Do retailers have a point that stores need parking in order to thrive? Perhaps, in some parts of cities (and suburbs) that aren't so densely populated; however in areas where parking is nearly nonexistent, but public transit is efficient, and there is a lot of foot and bike traffic, I'd argue cars just cause pollution. Of course, I may be biased, since I went over 20 years without owning a car, but still....

Oh, and in the print edition of this article comes this trivial pursuit question: who invented the parking meter? (answer below)

No Parking

The Parking Fix - WSJ.com

...Since the parking meter was first introduced 70 years ago, in Oklahoma City, the field has been dominated by two simple maxims: Cities can never have too much parking, and it can never be cheap enough.

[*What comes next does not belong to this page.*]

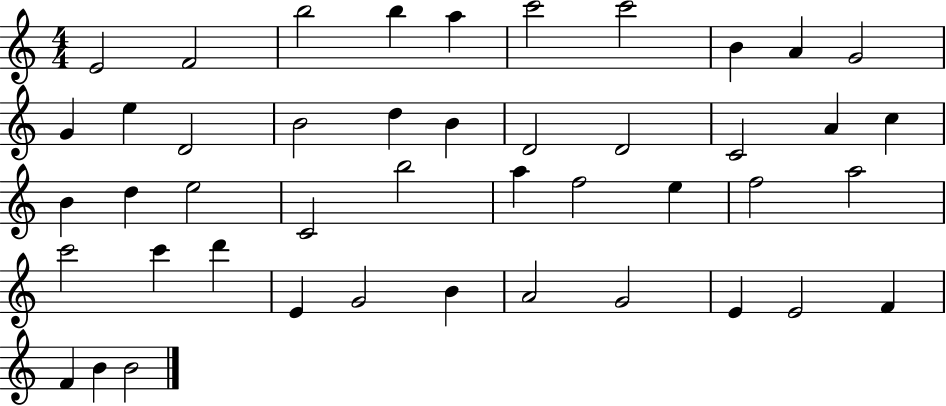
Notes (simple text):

E4/h F4/h B5/h B5/q A5/q C6/h C6/h B4/q A4/q G4/h G4/q E5/q D4/h B4/h D5/q B4/q D4/h D4/h C4/h A4/q C5/q B4/q D5/q E5/h C4/h B5/h A5/q F5/h E5/q F5/h A5/h C6/h C6/q D6/q E4/q G4/h B4/q A4/h G4/h E4/q E4/h F4/q F4/q B4/q B4/h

Now a small but vocal band of economists, city planners and entrepreneurs is shaking that up, promoting ideas like free-market pricing at meters and letting developers, rather than the cities, dictate the supply of off-street parking. Seattle is doing away with free street parking in a neighborhood just north of downtown. London has meters that go as high as $10 an hour, while San Francisco has been trying out a system that monitors usage in real time, allowing the city to price spots to match demand. (A recent tally there showed that one meter near AT&T Park brings in around $4,500 a year, while another meter about a mile away takes in less than $10.) Gainesville, Fla., has capped the number of parking spots that can be added to new buildings; Cambridge, Mass., works with companies to reduce off-street parking.

Economists have long made the case that the solution to the parking crunch many cities face lies not in more free or cheap parking but in higher prices. The idea is that higher prices result in a greater churn -- and get more people on buses and subways -- which leads to more open spaces. But this notion has often run up against city planners and retailers arguing that cheap and plentiful parking results in more commerce and, thus, higher sales taxes and a vibrant economy.
...
One of the most influential of the parking gurus is Donald Shoup, a professor at the University of California, Los Angeles who commutes on a bicycle. Since the publication in 2005 of Mr. Shoup's “The High Cost of Free Parking,” he has become something of a celebrity at academic gatherings and parking-industry meetings. Lines form at his book signings. “He's a parking rock star,” says Paul White, of Transportation Alternatives, a New York group that advocates for pedestrians and bicycles.

...
Mr. Shoup has popularized what might be called the “85% rule”: Cities, he says, should charge whatever rates lead to about 85% of the spots being filled up at any given time, moving rates up or down as demand fluctuates. The 85% target now serves as a policy guideline for cities including Portland, Ore., and Anchorage, Alaska.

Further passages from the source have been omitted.